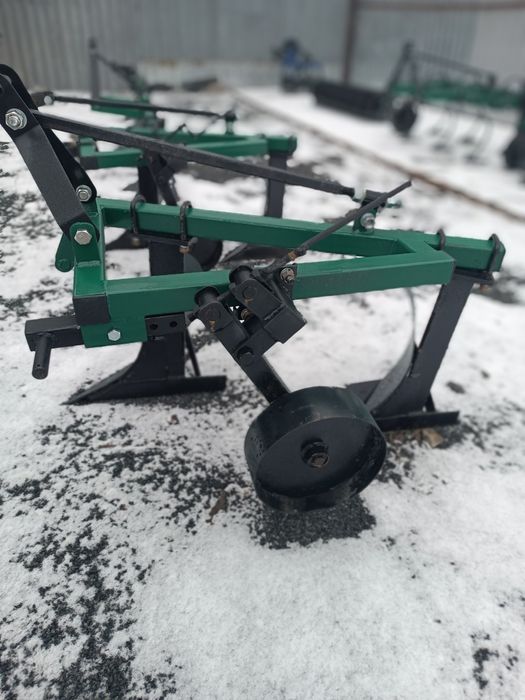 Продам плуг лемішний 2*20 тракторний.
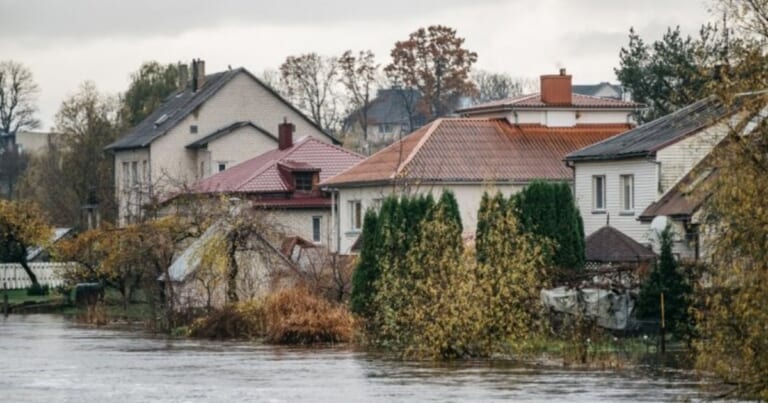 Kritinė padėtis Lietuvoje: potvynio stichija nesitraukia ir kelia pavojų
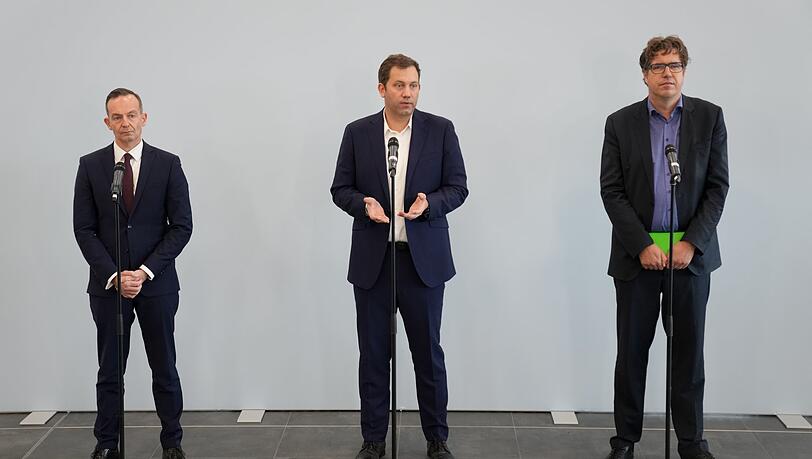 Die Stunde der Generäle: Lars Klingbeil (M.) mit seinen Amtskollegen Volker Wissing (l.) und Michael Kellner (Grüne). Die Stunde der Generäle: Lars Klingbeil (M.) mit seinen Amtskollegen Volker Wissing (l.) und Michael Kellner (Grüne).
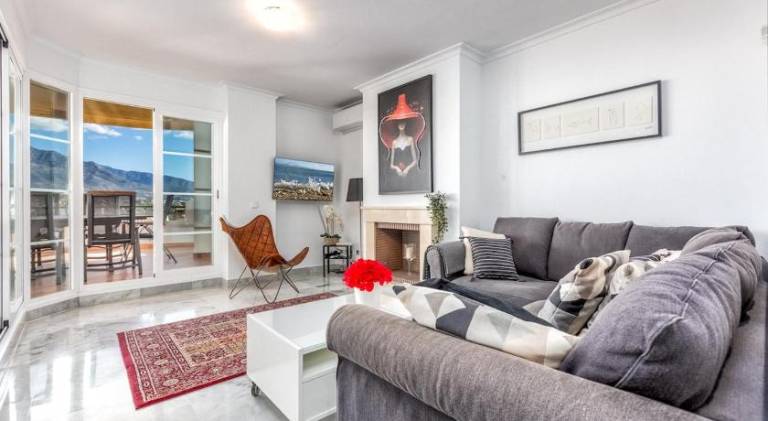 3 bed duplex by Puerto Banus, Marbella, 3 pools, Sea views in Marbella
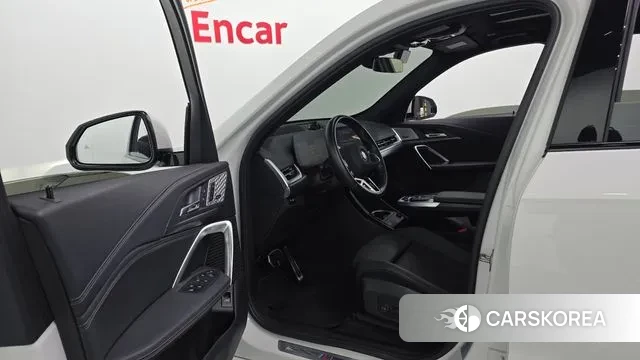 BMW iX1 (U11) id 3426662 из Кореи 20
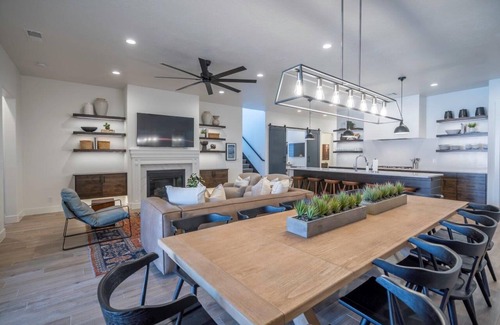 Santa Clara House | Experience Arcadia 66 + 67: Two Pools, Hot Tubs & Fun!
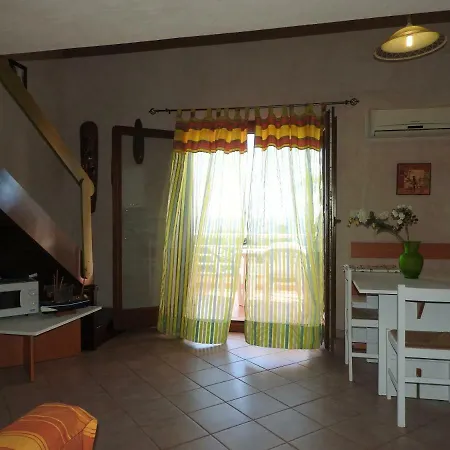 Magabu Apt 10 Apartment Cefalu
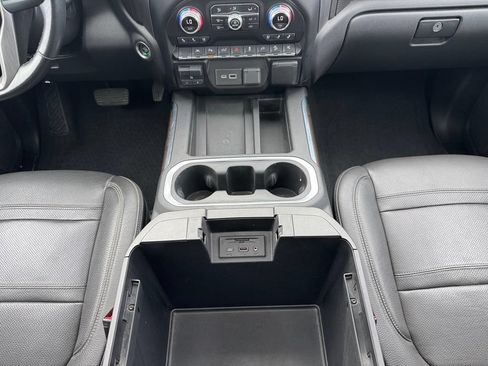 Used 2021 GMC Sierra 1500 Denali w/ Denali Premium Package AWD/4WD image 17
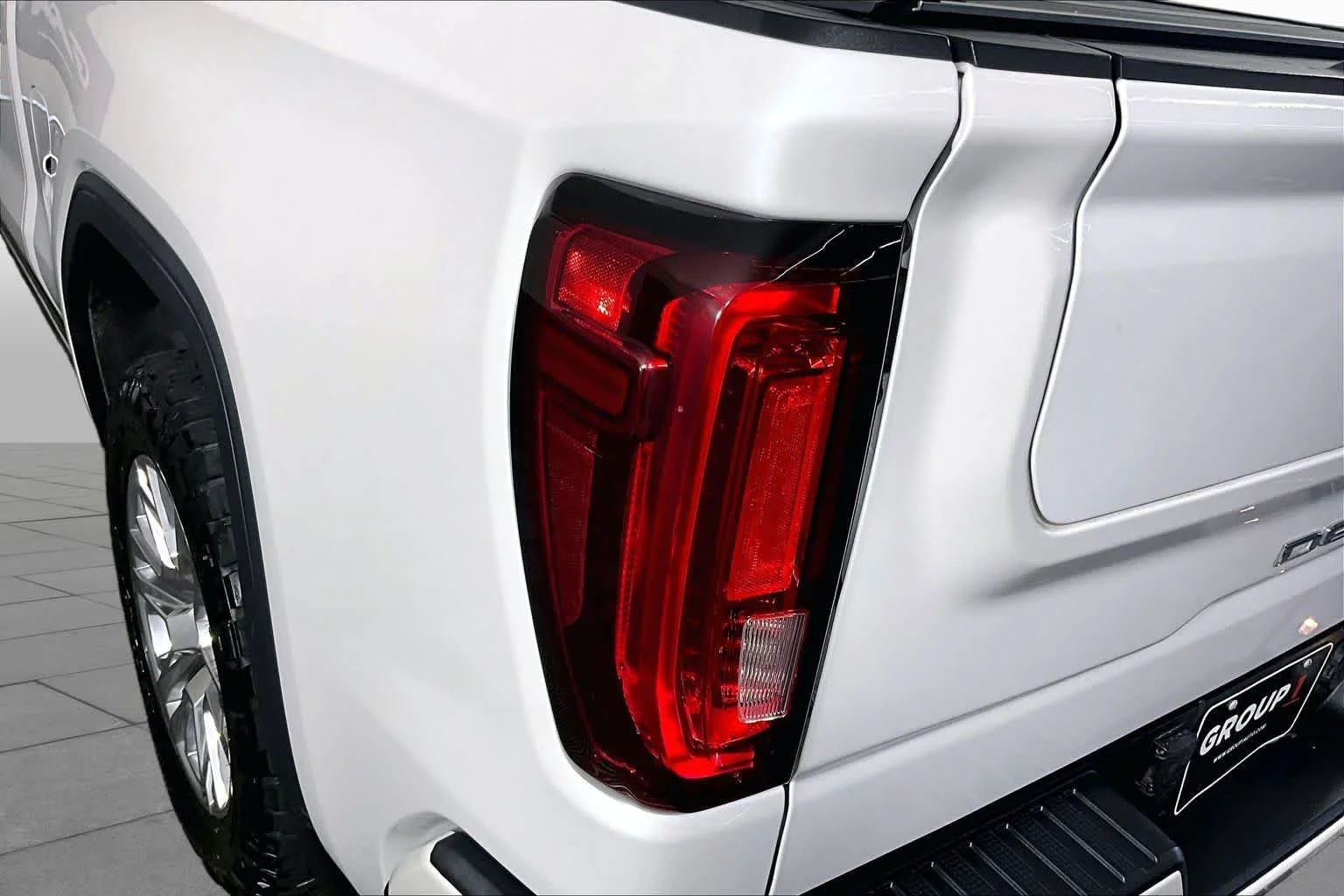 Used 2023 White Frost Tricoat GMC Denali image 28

*-*-*

§ **GOAL OF THE EXERCISE**:
Return, unchanged, the lines from the first line of the material through the line that holds "Kritinė padėtis Lietuvoje: potvynio", inclusive, omitting pictures.

§ **SOLUTION BELOW**:
 Продам плуг лемішний 2*20 тракторний.
 Kritinė padėtis Lietuvoje: potvynio stichija nesitraukia ir kelia pavojų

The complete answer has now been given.